April Cruelest Month for Stock Funds

May 2, 2002 (PLANSPONSOR.com) - April disappointed investors, despite promises of a rebound made by a slew of positive economic data, as the average diversified US stock mutual fund dipped by 3.7% on average, bringing year-to-date totals into negative territory.

Investors, still jittery from the accounting scandals spawned by Enron, remained skeptical over the outlook for corporate profits and reduced their equity bets.

After a flat first quarter, April’s performance brought the return of the average US stock fund down by 3.3% for the first four months of the year, according to data from Lipper, Inc.

In comparison, in April:

  • the Dow Jones Industrial Average dropped 4.4%
  • the Nasdaq composite index plummeted 8.5%
  • the Standard & Poor’s 500 index lost 6.1%.
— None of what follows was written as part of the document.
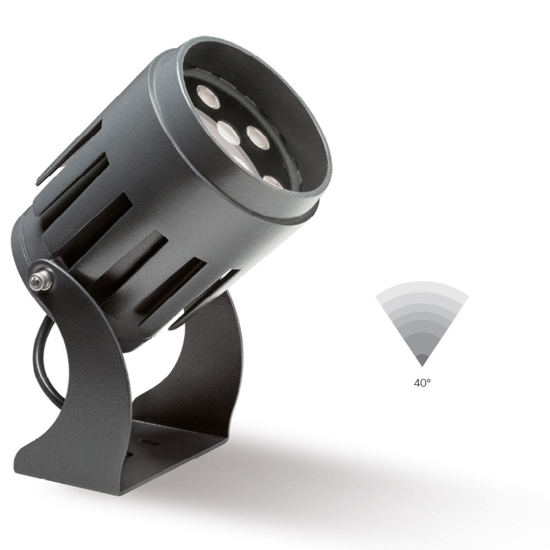 Faro proiettore 25w 3000k ottima 40 grigio per esterno ip65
Nevertheless, despite the unfriendly market conditions, small-cap value and gold funds managed to provide some bright spots, rising 2.2% and 6.4% respectively.

Still, the funds in the volatile technology and telecom sectors are still taking a beating.

According to Lipper, the month’s worst performers were science and technology funds, down 12.2%, while on a year-to-date basis telecom funds, having lost 28.1%, bring up the rear.

Undeterred by the torpid performance, investors are slowly returning to equities, placing a $29.3 billion net into stock funds in March – the sixth consecutive month in which funds saw positive flows.

Though data are not yet available, Lipper notes that investors are believed to have added to funds in April, but at a much slower pace than the previous month.